Toutefois, aujourd’hui la situation est différente car il ne s’agit plus de se délier les mains pour augmenter potentiellement les taux mais d’envoyer un message au marché qu’une hausse devient très probable dans un futur proche. L’émergence de dissidents (deux ou trois ?) au statu quo pourrait être un premier signe.
Il nous semble que la situation est aujourd’hui favorable à un changement de ton de la Fed pour plusieurs raisons.
• La croissance redémarre après le trou d’air du premier trimestre ; en effet, la plupart des indicateurs ont montré une embellie ces dernières semaines (commandes, ventes au détail,…). Les différentes enquêtes sont compatibles avec une croissance proche de 2%/2,5% et les chiffres du commerce extérieur se sont sensiblement améliorés en avril. Après un rapport mitigé en mars, les chiffres de l’emploi ont rebondi en avril/mai avec en moyenne 250K créations de postes par mois.

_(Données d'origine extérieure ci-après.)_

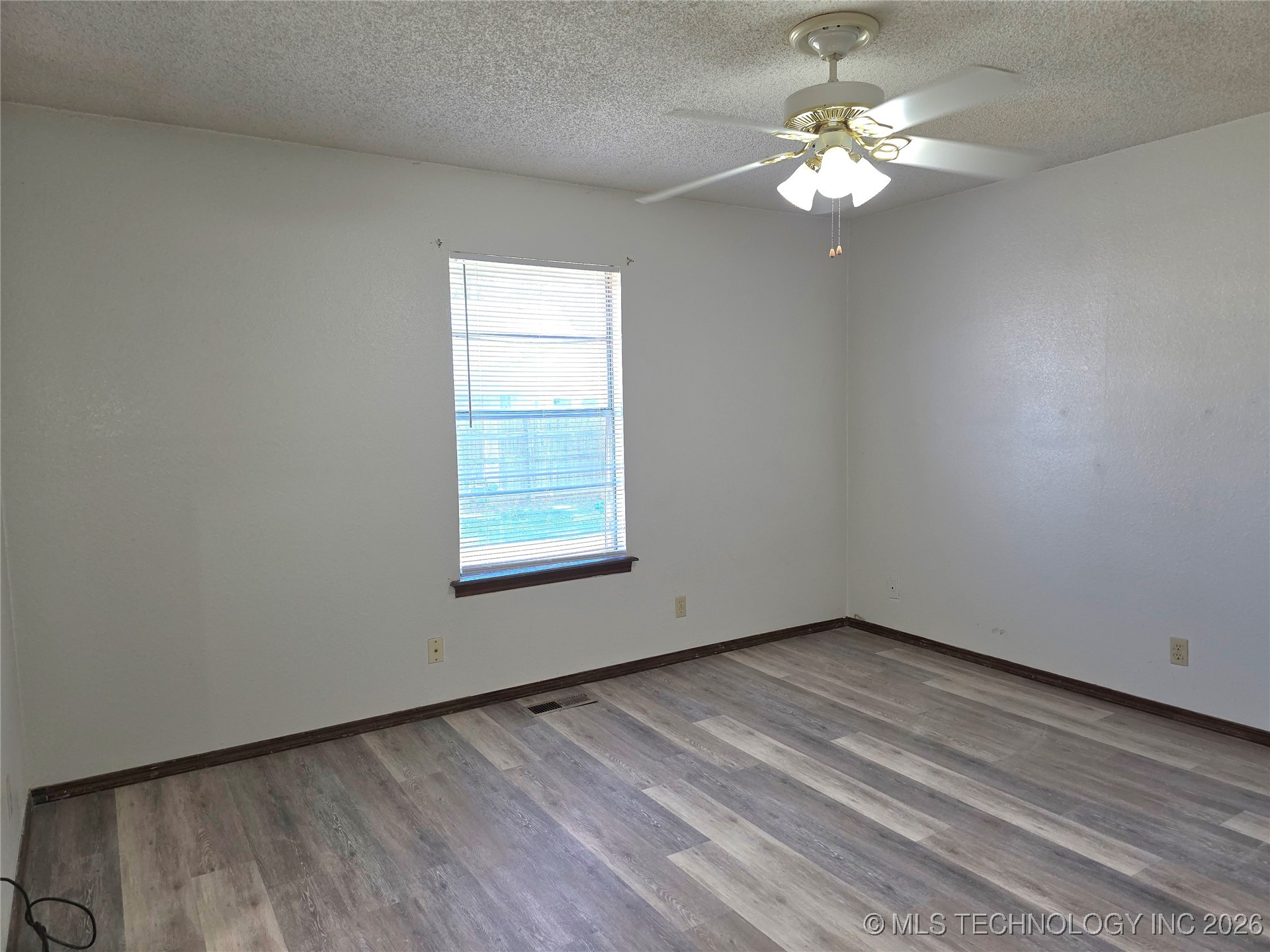 7415 S Elm Avenue Property Photo 11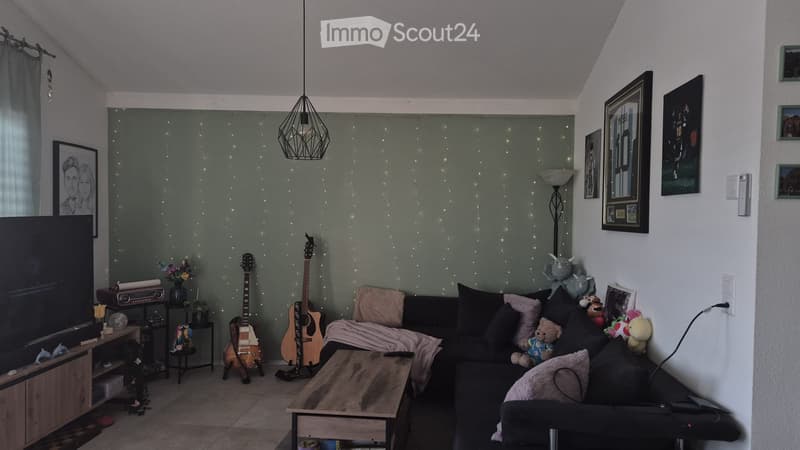 Einzigartige 3.5 Zimmer Wohnung in Gurmels (2)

• Le marché immobilier a montré des signes d’amélioration au cours des derniers mois avec le rebond des mises en chantier et des ventes de maisons et avec une progression des prix immobiliers de l’ordre de 5%/7% en fonction des indices.
• L’absorption des surcapacités productives est bien avancée avec un taux de chômage proche de son niveau naturel (entre 5% et 5,5%) et un taux d’utilisation des capacités de production approchant de sa moyenne de long terme ; l’output gap s’est donc en grande partie résorbé même si nous n’ignorons pas le degré d’incertitude qui porte sur sa mesure précise en temps réels.
• Les salaires commencent à accélérer légèrement ; après une stabilisation sur un rythme proche de 2%, les différentes mesures de salaires montrent les premiers frémissements à la hausse que ce soit l’indice du coût de l’emploi ou encore le taux de salaire horaire de tous les employés.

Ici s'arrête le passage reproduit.